A extrema-direita da Europa explodiu nas urnas. Agora é a vez da extrema-esquerda reagir com força.
Alguns partidos de esquerda que pareciam moribundos há poucos anos voltam a crescer nas pesquisas e nas eleições recentes. O centro político, que dominava o jogo, agora luta para conter os avanços tanto da direita quanto da esquerda.
Segundo o Wall Street Journal, a virada é mais acentuada entre os eleitores mais jovens e nas grandes cidades. Os motivos incluem a crise de moradia cara, o crescimento econômico lento, o sentimento antiamericano crescente, a revolta com as ações militares de Israel em Gaza e no Irã, além da perda de confiança nos partidos tradicionais para resolver os grandes problemas do dia a dia, segundo analistas e institutos de pesquisa.
Em alguns países, essa onda já se transformou em vitórias eleitorais concretas. Em outros, como França e Itália, onde a esquerda radical ainda é menor, o crescimento vem acompanhado de um aumento da violência política de grupos de extrema-esquerda.
Na Inglaterra, o Partido Verde se reinventou como movimento populista: quer nacionalizar serviços públicos, legalizar drogas e retirar o país da Otan. Na Alemanha, o Die Linke, sucessor do antigo Partido Comunista da Alemanha Oriental, viu sua popularidade disparar. A legenda hoje aparece em segundo lugar nas pesquisas gerais, com apoio acima de 10% — acima do SPD e dos Verdes, e próximo do resultado que pode obter nas eleições de 2025.
O partido se apresenta como um baluarte contra a extrema-direita e a AfD. Mas o que realmente anima seus eleitores, segundo a reportagem, são questões econômicas concretas: justiça social, custo de vida e o peso dos aluguéis altíssimos.
Na França, a união frouxa de partidos de esquerda surpreendeu ao terminar em segundo lugar nas eleições legislativas de 2024. Desde então, no entanto, o bloco vem perdendo fôlego por causa de acusações de que incentiva a violência.
Em fevereiro, ativistas de um grupo antifascista fundado por um ex-deputado foram indiciados por assassinato e cumplicidade na morte de uma ativista de extrema-direita de 23 anos.

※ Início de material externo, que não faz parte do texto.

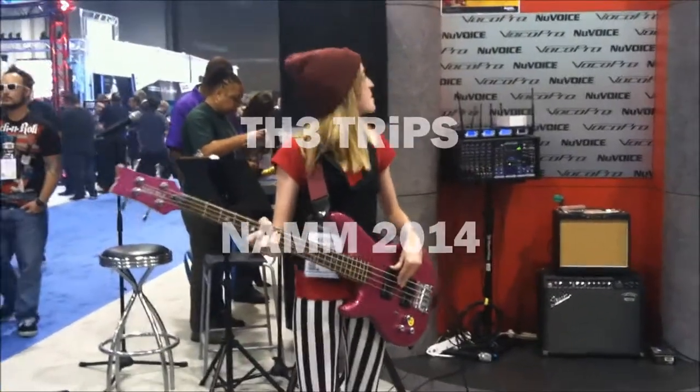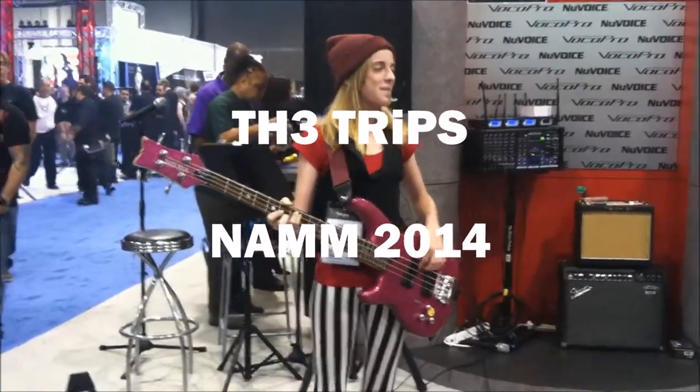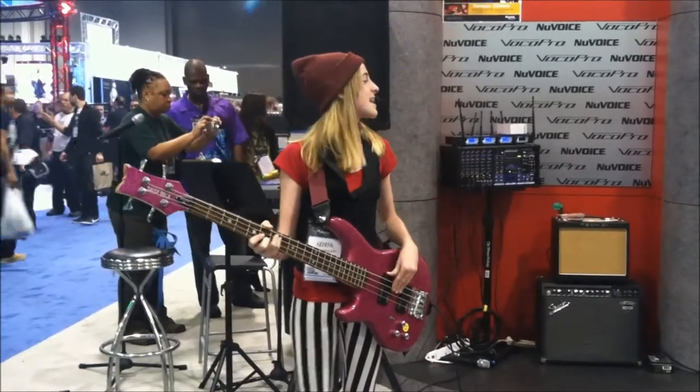We're so lucky to be back at the Vocovo booth at NAMM, playing with Vocovo's latest wireless headset technology.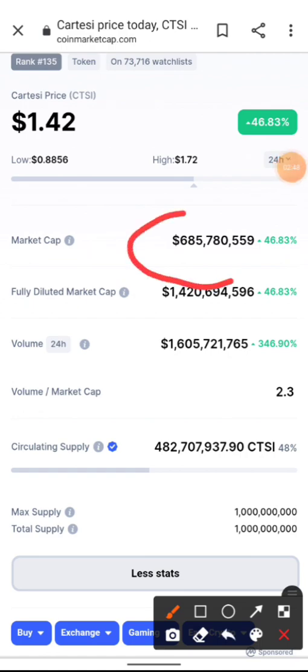Looking at the market cap right now — buyers are stepping in and the market cap is sitting at $685 million USD. It's less than a billion dollars, meaning the market cap is still very low, making an easy 10x very realistic.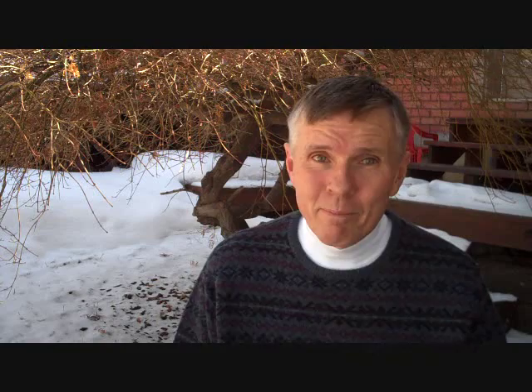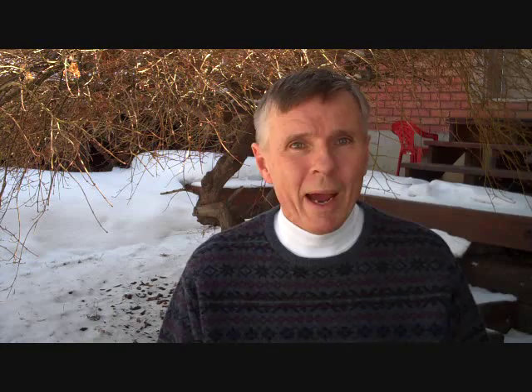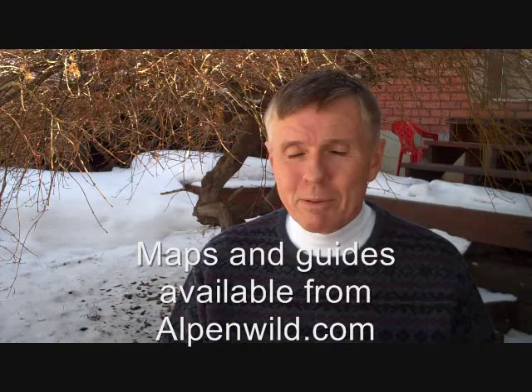The maps produced by Switzerland's Federal Topographic Office are some of the finest in the world — each one is a work of art, and they're essential for hiking the Haute Route. If you really love maps and navigation, get the most detailed maps, the 1 to 25,000 Landeskarte der Schweiz series — it'll take 11 maps to cover the entire Haute Route. Otherwise, you can go with the less detailed 1 to 50,000 series, which covers the entire route in just two maps. Your choice. I have all of those maps and guidebooks on the website, and of course, if you have any questions, please feel free to contact me. This is Greg Witt with Alpenwild — see you on the trail.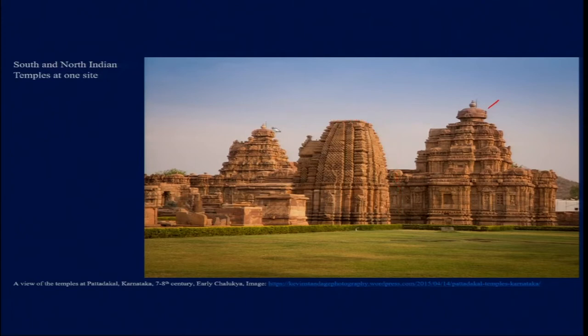These are things unique to Pattadakal. At this site we have around 9 Hindu temples and 1 Jaina temple — about 10 temples in total, all protected in this area. The entire site is now considered a UNESCO World Heritage Site for its uniqueness in bringing Southern Indian and Northern Indian temple building styles together.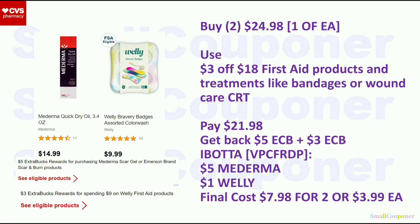Or you can do a combo with the Wellies — these are spend $9, get a $3 ExtraBuck, and they are $9.99. Get one of each and your total will be $24.98. Use that $3 off $18 CRT, pay $21.98. Get back a $5 ExtraBuck from the Moderma and a $3 ExtraBuck from the Wellie. On Ibotta, you'll get $5 back for the Moderma dry oil and $1 back for the Wellie. Final cost is $7.98 for two, or $3.99 each. If you have any insert coupons, especially for the Moderma, it may be an even better deal.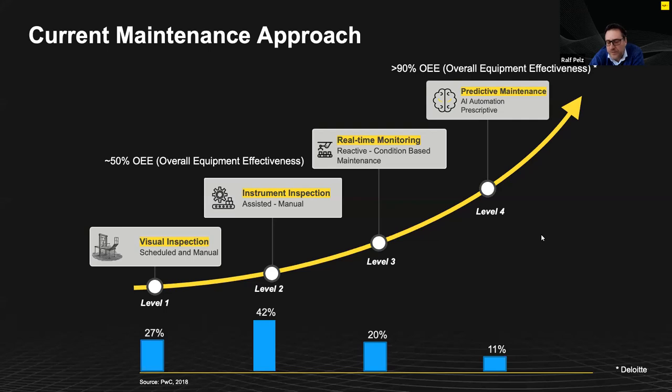The goal should be to move to level four — predictive maintenance — which we believe is only possible with machine learning and artificial intelligence, because we need to predict the future. If you establish a predictive maintenance system, you can expect overall equipment effectiveness of more than 90%, which is much better than all lower levels. Interestingly, only 11% of industry right now is using predictive maintenance systems, so there is still a long way to go.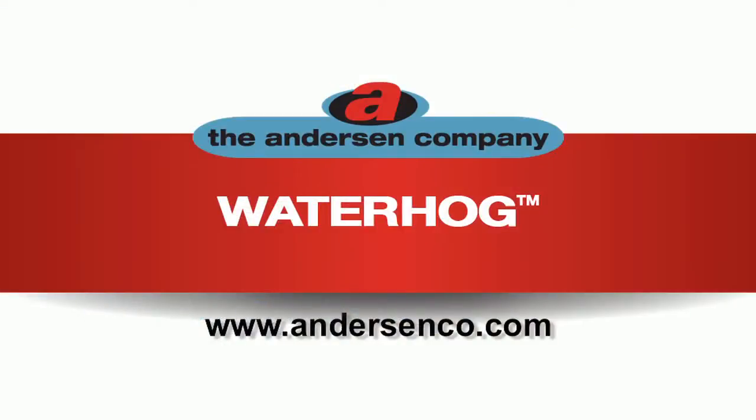To learn more, contact your Anderson representative today or visit our website at andersonco.com.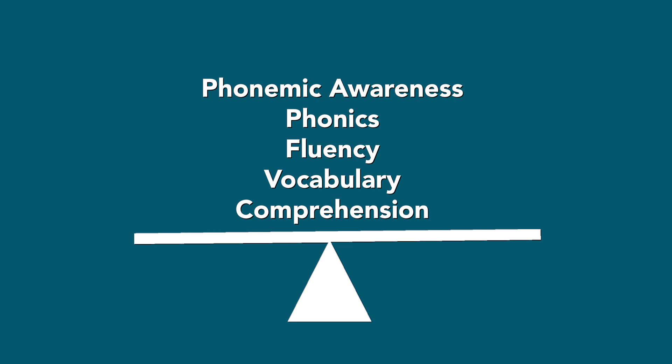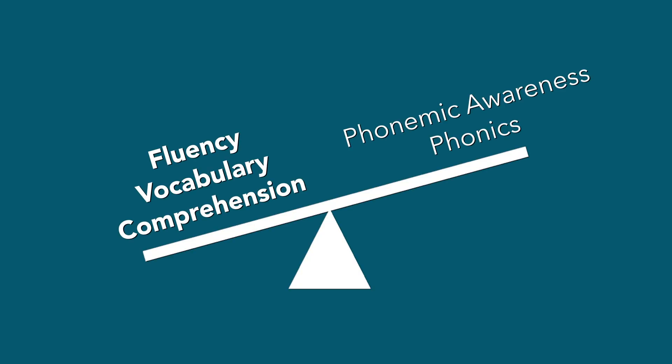Fast forward to today, we now have what is known as balanced literacy, which is supposed to help teachers balance the big five. The problem is that many teachers have not been properly trained in phonemic awareness and phonics. In fact, today's generation of teachers is likely to have not been taught phonics themselves. Instead of teaching children to decode using spelling patterns, they use predictable texts and rely heavily on whole-language strategies.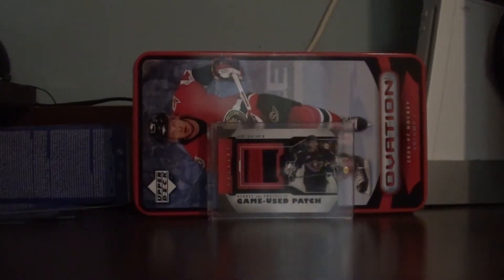Hey YouTube, BetzerRocks19 here. Today I got a pack recap of three black diamond and insert updates.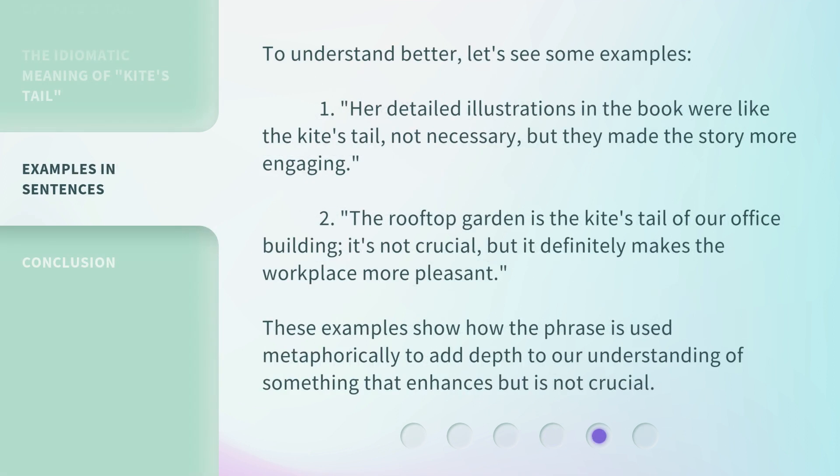To understand better, let's see some examples. One: her detailed illustrations in the book were like the kite's tail — not necessary, but they made the story more engaging. Two: the rooftop garden is the kite's tail of our office building. It's not crucial, but it definitely makes the workplace more pleasant. These examples show how the phrase is used metaphorically to add depth to our understanding of something that enhances, but is not crucial.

Na Alemanha, grupos de extrema-esquerda violentos também voltaram a agir. Em janeiro, o grupo clandestino Volcano reivindicou ataques de sabotagem na rede elétrica de Berlim que deixaram mais de 100 mil pessoas sem luz e aquecimento por dias no meio do inverno.
Autoridades alemãs disseram acreditar que o grupo estava por trás dos atentados, embora não haja provas de envolvimento russo. “Estamos nos armando para lutar contra o extremismo de esquerda”, disse o ministro do Interior Alexander Dobrindt após oferecer uma recompensa de 1 milhão de euros (cerca de R$ 6,16 milhões) por informações que levem aos responsáveis.
Na França, o líder de esquerda Jean-Luc Mélenchon e sua coalizão Nova União Popular Ecológica e Social (NUPES) têm feito campanha com foco em aluguéis mais baixos, imposto sobre grandes fortunas e aposentadoria aos 60 anos para alguns trabalhadores.
Entre os eleitores de 18 a 29 anos, a esquerda radical é hoje a força mais popular nas pesquisas, segundo o instituto Forsa. Em Berlim, a candidata do partido à prefeitura tem chance real de vencer.
O que estamos vendo, segundo Manfred Güllner, fundador do instituto Forsa, é “o renascimento da esquerda clássica”. Ela preenche o vácuo deixado pela social-democracia e pelos verdes, e cresce especialmente entre os jovens.
Nas margens do parlamento, a extrema-esquerda continua fragmentada e sem apoio suficiente para chegar ao poder na maioria dos países. Mas o vento mudou — e o centro europeu agora precisa olhar para os dois lados.